What’s the carbon penalty right now based on Gevo’s cost structure? With $3.00 isobutanol, and that’s at the lowest possible end, that corresponds to the jet fuel cost when there’s (roughly) $100 oil. But on the other hand, there’s the $0.70 advanced bioful RIN, and there’s 1.5-1.7 in a gallon of jet fuel, so consider that there’s a $1.05 to $1.19 in RIN support there. That could well support a business for Gevo even with $70-$80 oil.
Reaction from the stakeholders
“We’re pleased that this newly-revised standard now supports isobutanol based alcohol-to-jet aviation biofuels and we look forward to flying it this year. Developing a domestic, competitively priced, sustainable supply of biofuels is fundamental to Alaska Airline’s long term sustainability goals,” said Joe Sprague, Alaska Airline’s Senior Vice President of External Relations.
Dr. Patrick Gruber, Gevo’s Chief Executive Officer, commented, “This ASTM revision is a major achievement and supports one of Gevo’s key products. We believe that Gevo’s renewable ATJ provides a clear and cost-competitive path for commercial airlines to reduce their greenhouse gas footprints and reduce their particulate emissions from combustion. For Gevo, this step is expected to open a large and significant market to Gevo around which Gevo expects to build a profitable business.”

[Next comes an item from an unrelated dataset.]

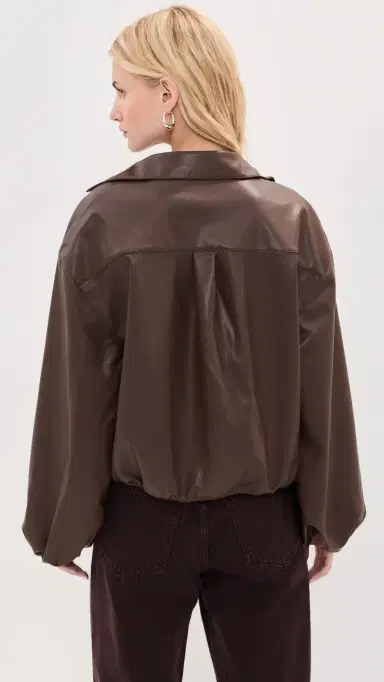LE BOP Pippa Faux eather Pullover with Front Pocket Coffee | Thumbnail 3 LE BOP Pippa Faux eather Pullover with Front Pocket Coffee | Thumbnail 3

And Gevo is raising capital on the back of this
Gevo hailed the ballot as paving the way towards a commercial test of ATJ fuel. And, the company announced on the heels of this approval a complex financing plan.

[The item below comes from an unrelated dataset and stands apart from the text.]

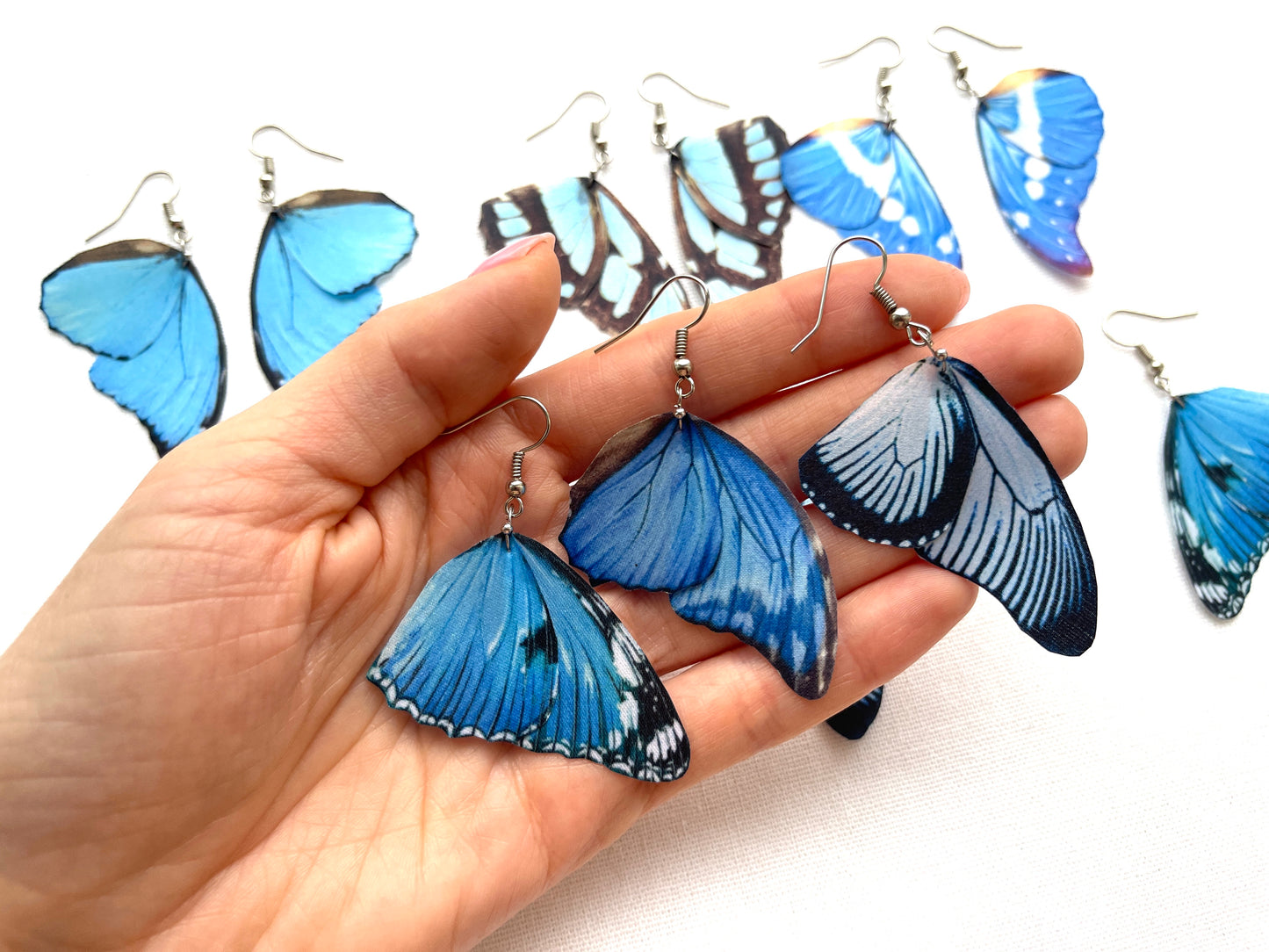Prom earrings in stunning sapphire blue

Here’s the Gevo alphabet soup.
It will sell Series C units, with each Series C unit consisting of one share of common stock, Series F warrants to purchase a certain number of shares of common stock and Series H warrants to purchase a certain number of shares of common stock.
Not too bad so far. But, Gevo is also offering Series D units, in lieu of Series C units, to those purchasers whose purchase of additional Series C units in the offering would result in the purchaser beneficially owning more than 4.99% of the Company’s outstanding common stock following the completion of the offering.
The Series D units will consist of pre-funded Series G warrants to purchase one share of common stock, Series F warrants to purchase a certain number of shares of common stock and Series H warrants to purchase a certain number of shares of common stock.